В вагоне-ресторане тихо. Из широкого и чистого окна открывается вид на равнину. Почти сплошь кукуруза, только изредка прорезанная полосами хмеля. Кукуруза стоит обломанная и пожелтевшая. Местами ее вовсе срезали и собрали в кучи. Скучно выглядит сейчас венгерская степь под мокрым и грязным небом. Остается надежда, что дальше к югу небо и земля окажутся приветливее — там, в Сербии и Болгарии, где равнина начинает «балканиться».
"День" N 3, 4 октября 1912 г.
Белград
Поезд не переезжает теперь через железнодорожный мост, связывающий здесь Венгрию с Сербией, а высаживает нас в Землине, хотя билеты нам выданы до Белграда. Мы перерезываем Дунай и вливающуюся тут в него Саву на сербском пароходе «Морава». С землинской стороны Белград, отделенный всего полутораверстной лентой воды, виден, как на ладони. Глазом можно нащупать конак и скупщину.[20] Точно так же можно их нащупать габсбургской пушкой. Это, как известно, самое уязвимое место Сербии.
На пароходных сходнях, еще на венгерской стороне, оглядывает публику плотный штатский господин, при котором состоят четыре хорватских жандарма. Он глядит наши паспорта.
— Ваше занятие?
— Журналист.
Не очень это хорошее занятие, читаю я в его глазах, особенно, по нынешнему тревожному времени. Но так как, стоя на сходнях, я не могу переменить своей профессии и так как профессия плотного штатского господина мне тоже не нравится, то нам ничего не остается, как расстаться с миром.

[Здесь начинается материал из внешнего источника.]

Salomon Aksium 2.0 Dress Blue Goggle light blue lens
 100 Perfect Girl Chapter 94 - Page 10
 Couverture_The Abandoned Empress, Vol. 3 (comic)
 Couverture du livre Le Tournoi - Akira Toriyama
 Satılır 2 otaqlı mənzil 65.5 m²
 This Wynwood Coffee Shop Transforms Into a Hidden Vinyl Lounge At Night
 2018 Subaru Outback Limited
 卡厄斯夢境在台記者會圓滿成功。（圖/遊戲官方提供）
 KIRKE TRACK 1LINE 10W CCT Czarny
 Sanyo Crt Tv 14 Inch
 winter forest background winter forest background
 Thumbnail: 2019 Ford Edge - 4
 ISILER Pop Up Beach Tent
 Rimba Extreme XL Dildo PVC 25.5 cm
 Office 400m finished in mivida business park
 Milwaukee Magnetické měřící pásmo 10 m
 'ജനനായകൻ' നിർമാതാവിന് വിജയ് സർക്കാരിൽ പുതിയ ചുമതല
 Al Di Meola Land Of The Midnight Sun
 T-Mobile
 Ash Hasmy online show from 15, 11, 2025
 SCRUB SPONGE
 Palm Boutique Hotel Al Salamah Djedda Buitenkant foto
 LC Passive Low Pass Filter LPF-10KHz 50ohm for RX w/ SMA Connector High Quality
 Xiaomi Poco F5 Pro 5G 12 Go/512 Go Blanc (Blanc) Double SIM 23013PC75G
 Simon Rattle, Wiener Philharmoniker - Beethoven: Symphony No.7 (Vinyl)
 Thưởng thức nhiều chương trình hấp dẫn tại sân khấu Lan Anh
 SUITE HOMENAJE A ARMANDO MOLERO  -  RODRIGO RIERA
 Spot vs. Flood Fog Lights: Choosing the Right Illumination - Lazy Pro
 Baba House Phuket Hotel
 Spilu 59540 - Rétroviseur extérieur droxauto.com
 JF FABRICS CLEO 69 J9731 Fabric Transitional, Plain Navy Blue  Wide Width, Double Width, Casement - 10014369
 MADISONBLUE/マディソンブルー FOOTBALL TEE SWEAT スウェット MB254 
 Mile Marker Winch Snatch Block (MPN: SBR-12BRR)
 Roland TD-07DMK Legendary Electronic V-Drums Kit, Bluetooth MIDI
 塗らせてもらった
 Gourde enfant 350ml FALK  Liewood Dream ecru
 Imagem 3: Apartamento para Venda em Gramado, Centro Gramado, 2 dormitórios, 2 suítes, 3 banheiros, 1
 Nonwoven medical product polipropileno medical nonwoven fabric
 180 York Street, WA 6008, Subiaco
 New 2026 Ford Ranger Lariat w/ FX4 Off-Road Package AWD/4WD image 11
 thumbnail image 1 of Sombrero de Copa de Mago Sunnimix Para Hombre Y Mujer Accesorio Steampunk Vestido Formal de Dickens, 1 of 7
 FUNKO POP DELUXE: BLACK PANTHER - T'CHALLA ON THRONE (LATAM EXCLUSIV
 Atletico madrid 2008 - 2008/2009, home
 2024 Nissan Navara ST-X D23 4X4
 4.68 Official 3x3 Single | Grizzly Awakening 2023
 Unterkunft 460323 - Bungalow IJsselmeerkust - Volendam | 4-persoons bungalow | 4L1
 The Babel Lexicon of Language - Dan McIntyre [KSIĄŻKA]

По сербскому берегу Дуная и Савы ходят взад и вперед посты, — это ополченцы, от 45 до 55 лет, в мужицкой одежде, барашковых шапках, в опанках, с ружьем за плечами. Вид этих оторванных от двора пожилых крестьян с торчащим над шапкой штыком, сразу создает настроение тревоги и жути. В сознании проплывают последние впечатления оттуда: банковский чиновник с пробором и черным камнем на мизинце, венгерский полковник с ногтями, белоснежные скатерти вагона-ресторана, зубочистки в папиросных футлярах, шоколад «milka» на каждом столике — и тем неотразимее завладевает сознанием трагическая серьезность того, что готовится произойти на Балканах и что уже началось в самом глухом углу полуострова.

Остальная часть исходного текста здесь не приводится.